China's top security official has made the first high-level trip to Afghanistan in nearly half a century, meeting President Hamid Karzai in Kabul. Zhou Yongkang made the four-hour visit on Saturday, in a secretive trip aimed at shoring up ties between the neighbours, China's Xinhua news agency reported.
Karzai's office said Zhou came to the war-battered nation to discuss the implementation of a strategic co-operation agreement that Karzai signed with his Chinese counterpart Hu Jintao in June.
During a meeting with Zhou in his Kabul palace, Karzai said "China is a good and honest friend of Afghanistan," his office said in a statement.
Beijing has stepped up diplomacy with Afghanistan in recent months as the 2014 deadline for the withdrawal of US and Nato troops approaches.
China, which shares a 76-kilometre (47-mile) border with Afghanistan's far north-east, has already secured major oil and copper mining concessions in Afghanistan, which is believed to have more than $1 trillion worth of minerals.
Karzai urged China to further invest in his poverty-stricken nation's underground treasures, the palace statement said. The scramble for influence in Afghanistan is expected to intensify in the run-up to 2014, with its central position in a volatile region having shaped its history for centuries.

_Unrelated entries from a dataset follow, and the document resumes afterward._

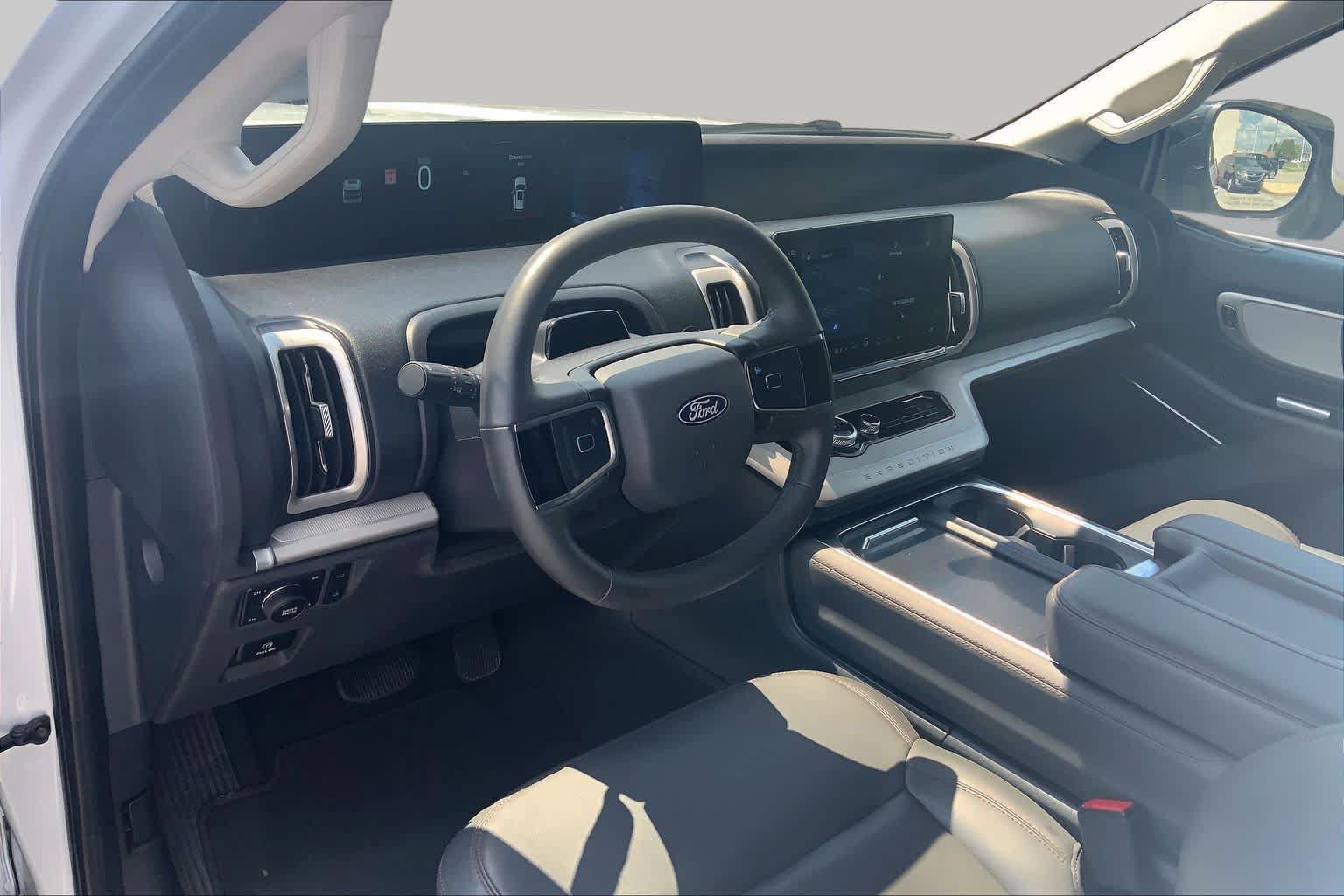 Certified 2025 Ford Expedition Active AWD/4WD image 18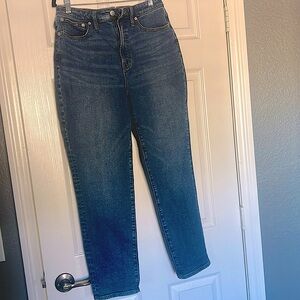 Madewell the curvy perfect vintage jean size 28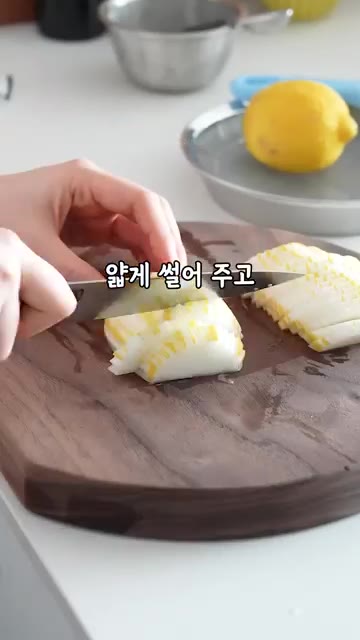 만들어둔 드레싱 소스를 참외 위에 듬뿍 뿌려 완성합니다. — 맛없는 참외 이렇게 드셔보세요 #샐러드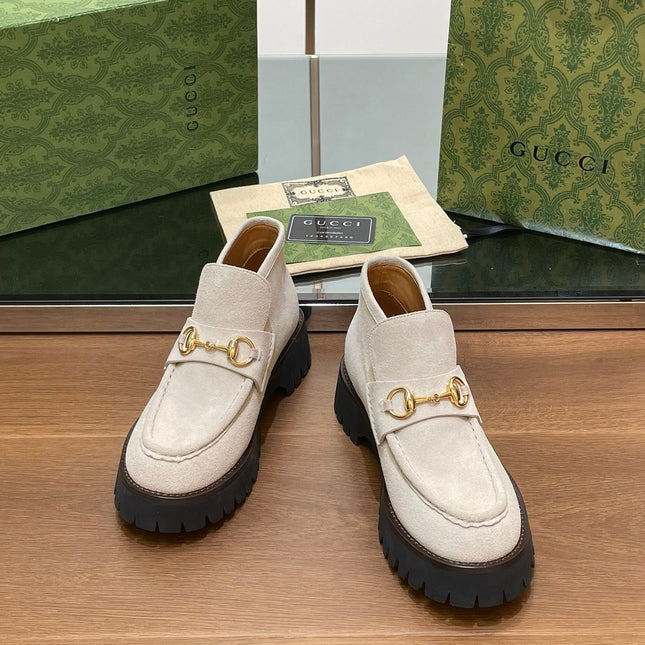 GG WOMEN'S HORSEBIT ANKLE BOOTS 4.5CM IN WHITE SUEDE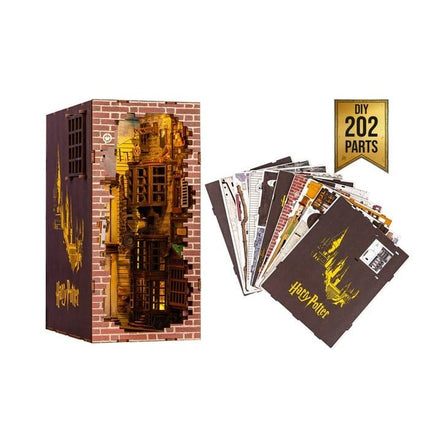 HARRY POTTER - BOOK NOOK KIT - Diagon Alley - 202pc + LED Light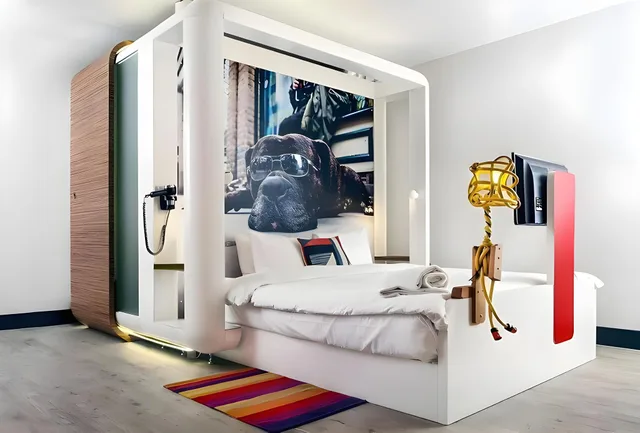 Comfy, Plus, Single Bed، The Corner London City 1/2
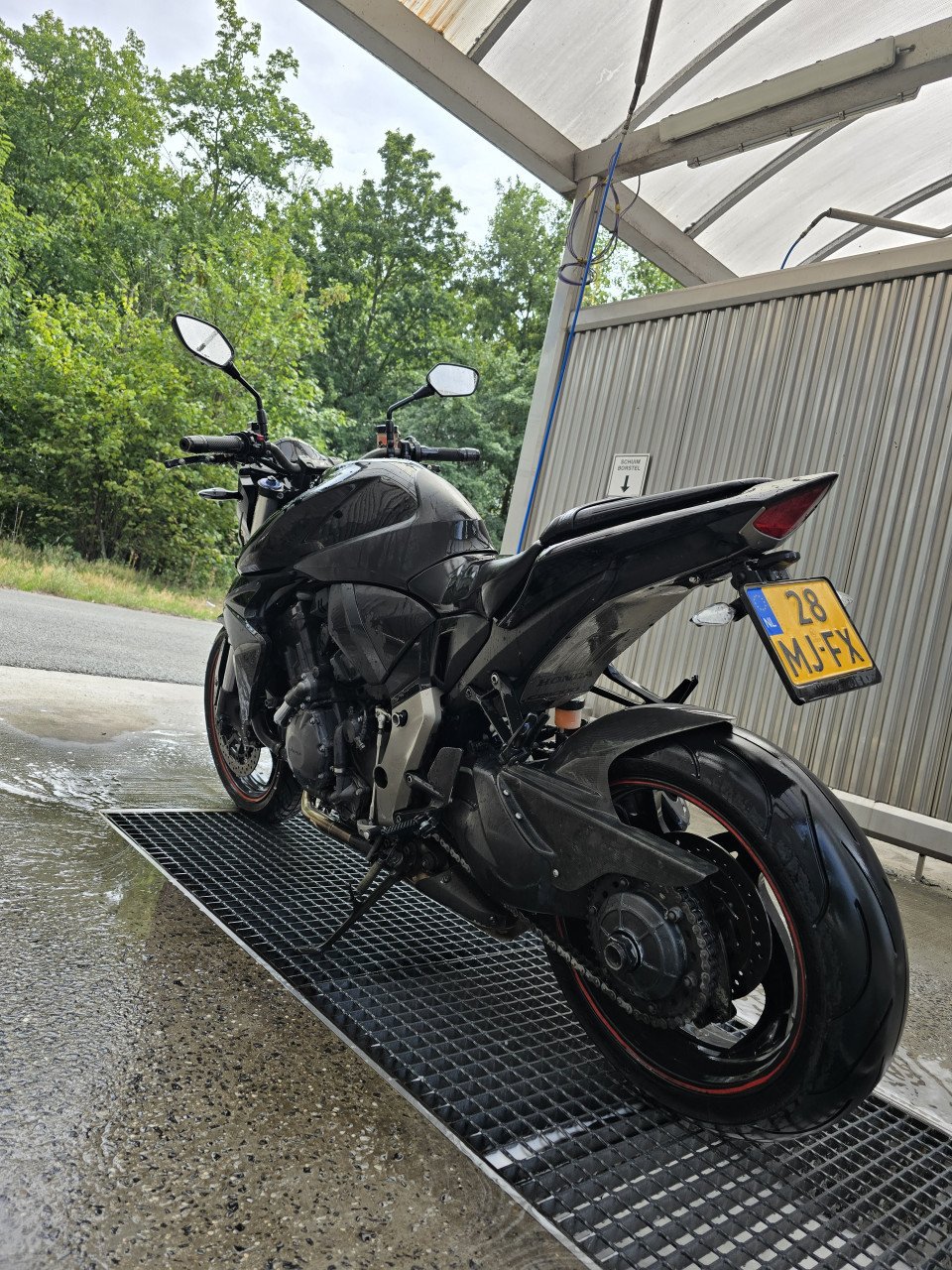 Cb1000r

Xinhua provided few details about the visit, other than quoting Zhou as saying: "It is in line with the fundamental interests of the two peoples for China and Afghanistan to strengthen a strategic and co-operative partnership... conducive to regional peace, stability and development." The visit was not previously announced due to security concerns. Late president Liu Shaoqi, the last senior Chinese official to visit Afghanistan, visited in 1966, Xinhua said.